Dopo la proclamazione del nostro santo a Patrono della Chiesa universale, che risale a Pio IX nel 1870, e del Concilio Vaticano II, grazie a Giovanni XXIII nel 1962, sembra che si sia stesa una cortina di silenzio. I Papi nominati, in felice coincidenza, sono stati abbinati nella loro beatificazione e a motivo del loro amore per san Giuseppe li troviamo ambedue dipinti nell’abside del nostro santuario. Certo non sono mancati autorevoli pronunciamenti pontifici anche in seguito, sia con Paolo VI che con Giovanni Paolo II, che ci ha lasciato in eredità la preziosa esortazione apostolica “Redemptoris custos”. Dal 1970 si sono poi organizzati nove simposi internazionali che hanno rinnovato l’interesse per san Giuseppe, almeno da parte degli studiosi. Ciononostante, dopo il Concilio, si è verificato praticamente un declino di attenzione e devozione verso lo Sposo di Maria. Il passaggio ad una nuova ecclesiologia, forse ad un malinteso cristocentrismo, a più corrette forme di espressione della liturgia e della pietà popolare, ha portato talvolta (come si suol dire) a buttare “l’acqua sporca col bambino”. Così ci ha rimesso pure il nostro santo, che molti hanno messo da parte… insieme al suo Bambino!

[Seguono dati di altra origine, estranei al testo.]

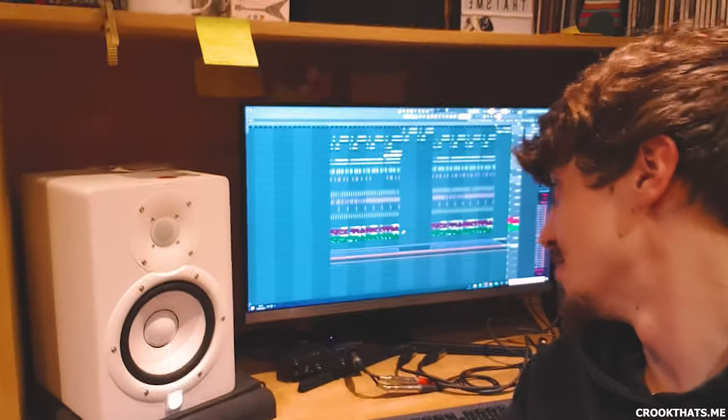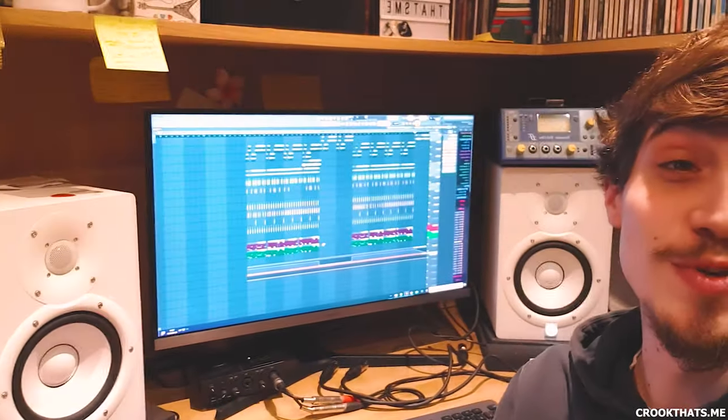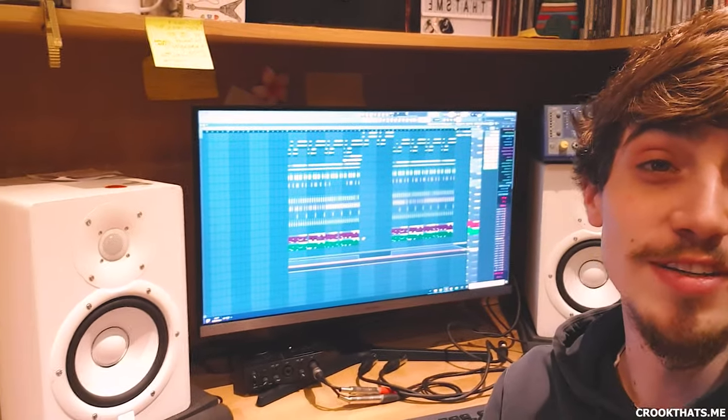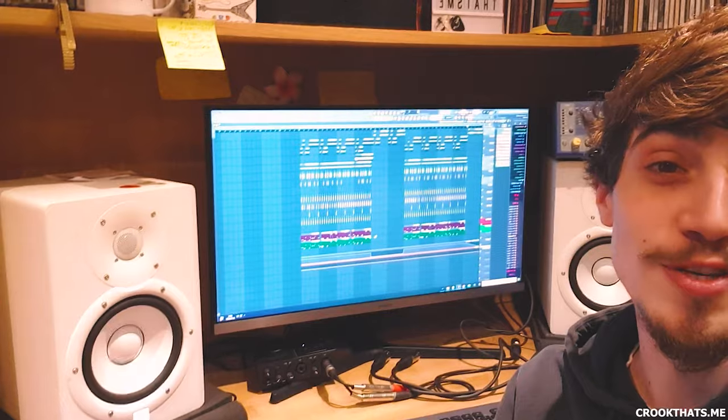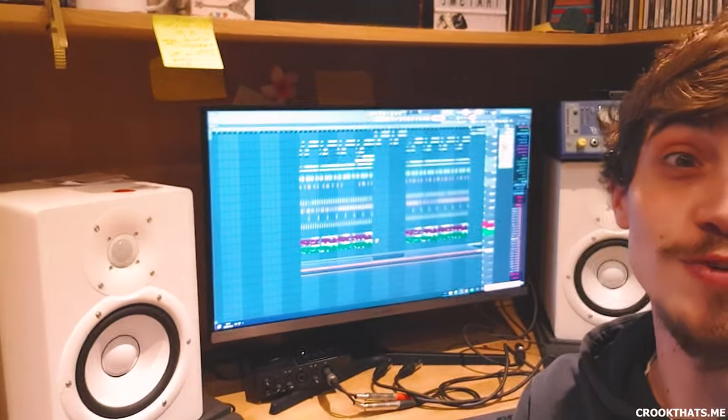So the first step is to get everything loaded into FL Studio, which is the DAW that I use. You can see behind me the layout of the track in question, so let's take a quick look at the sample choice.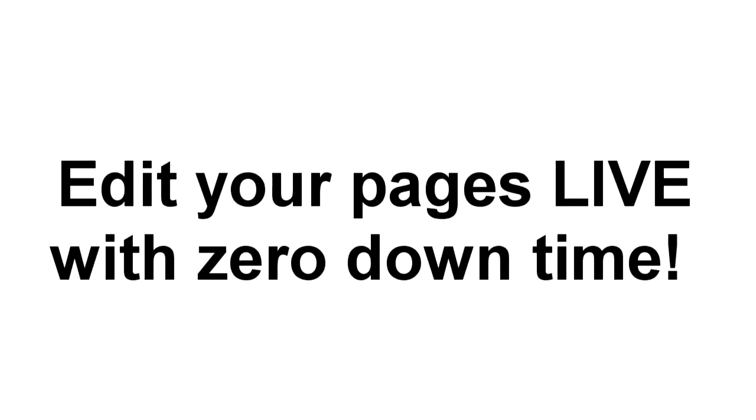You'll also be able to make edits to your page on the fly. Just log into your dashboard, tweak anything you need, and the app automatically updates everything in real time. You don't need to touch any code, you don't need to re-upload anything, and you never have to worry about your page being down while you make changes.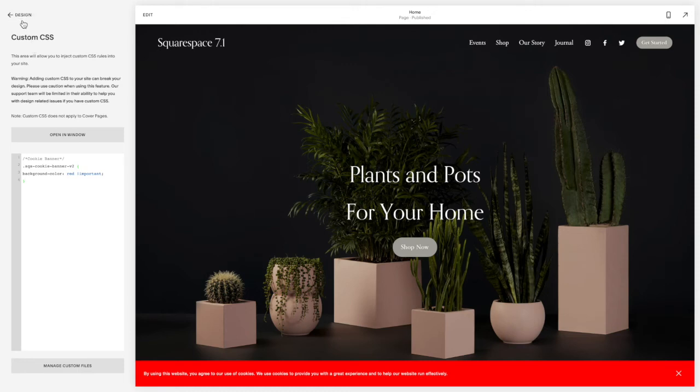If you like this video and want access to more copy-and-paste code snippets, make sure you follow me on my socials where I post a new tutorial every week. If you're on YouTube, make sure you like and subscribe. If you're on my blog, sign up for the newsletter in the footer so you can be notified whenever a tutorial is posted.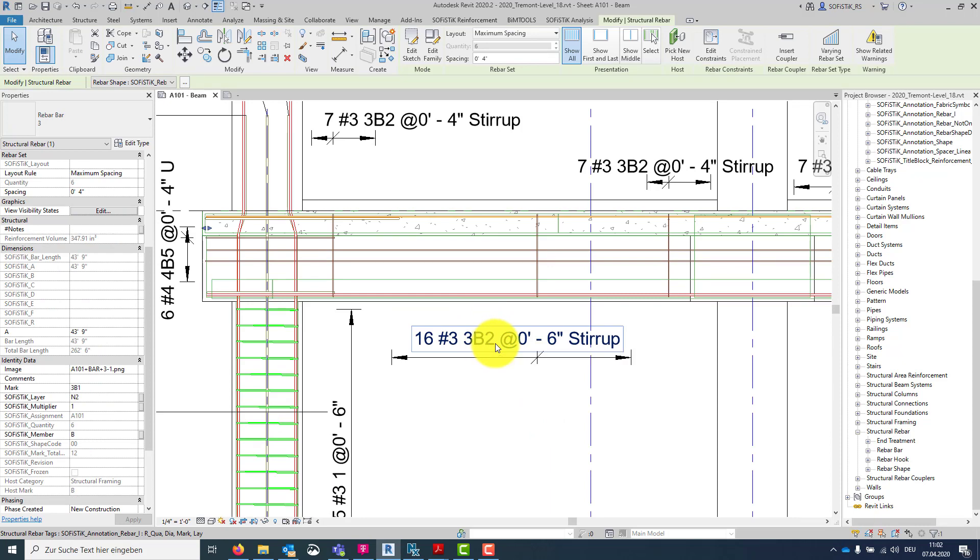This combination is a typical mark syntax in the US market. But there are many different use cases for, let's say, grouping the bars according to additional information. For example, adding the parameter SOFISTIK layer to get the rebars in the schedule separate according to its layer. Good point.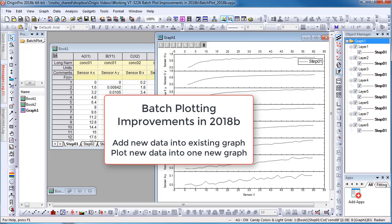In 2018b, we allow users to add new data into existing graphs or create a combined new graph.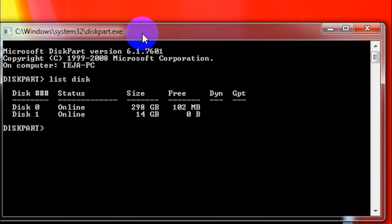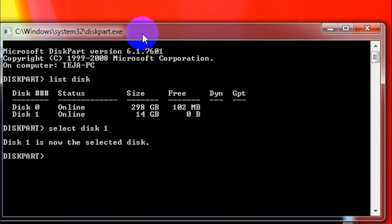So you've got to select the USB flash drive from this list. So here I'll be selecting disk 1. Just type in 'select space disk space' the number of the disk. In this case it is 1, so I'll type in 'select disk 1' and then hit enter. It says disk 1 is now the selected disk.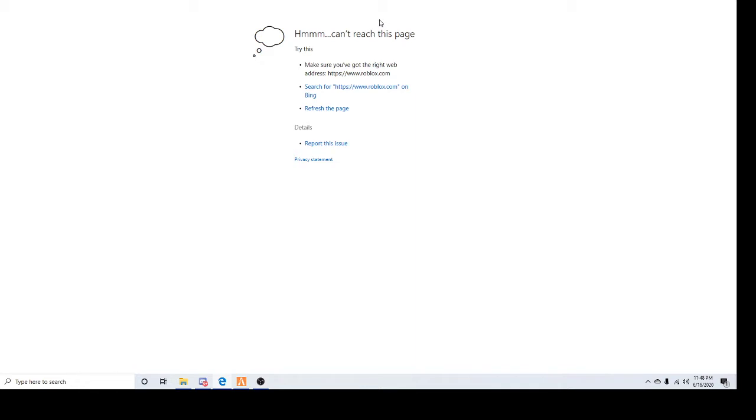Just finished playing with my friend, and we tried to log back into Roblox, and everybody got this. This popped up. It was something else earlier, but I don't know what's going on.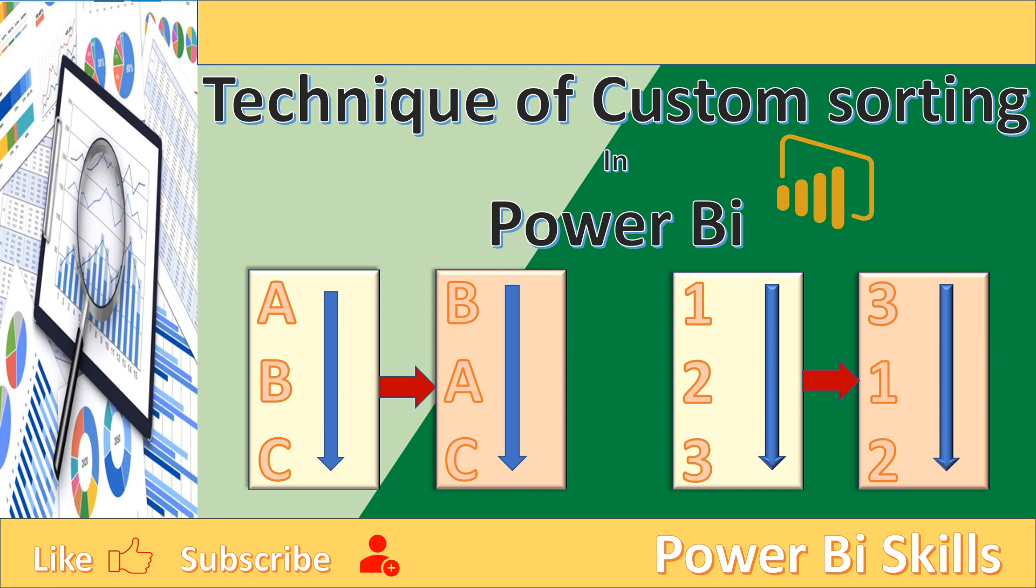Hello friends, welcome to my channel Power BI Skills. Through this channel, I share with my viewers a lot of tips, tricks, and best practices in order to develop training dashboards. In today's video, I will share with you yet another useful trick of custom sort of data in Power BI.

D’altronde il problema è più grande se si riscontra che la fede si affievolisce e va affermandosi un relativismo che sfugge ad ogni certezza, quasi che la verità non esista più e tutto sia opinabile. Una volta scrollato il peso di formule devozionali, scarsamente fondate sulla Parola di Dio, su Cristo e sulla Chiesa, sulla sua realtà di popolo di Dio in cammino, nel perseguimento della giustizia e della fraternità, bisogna ripartire col piede giusto. Se guardiamo con occhi nuovi a san Giuseppe in tale prospettiva, ci avvediamo come è radicata nel Vangelo la sua figura, come è profondamente innestata all’inizio della Redenzione, come è pienamente inserita nel mistero di Cristo e della Chiesa, come emerge il suo compito singolare di “ministro della salvezza”, come ci è davanti congiunto a quello di Maria il suo modello insuperabile di santità, come sia necessario ripercorrere la sua via per andare avanti nella missione affidata ad ogni credente e alla comunità cristiana. Allora sì che risalta il nostro santo ed acquista la sua dignità.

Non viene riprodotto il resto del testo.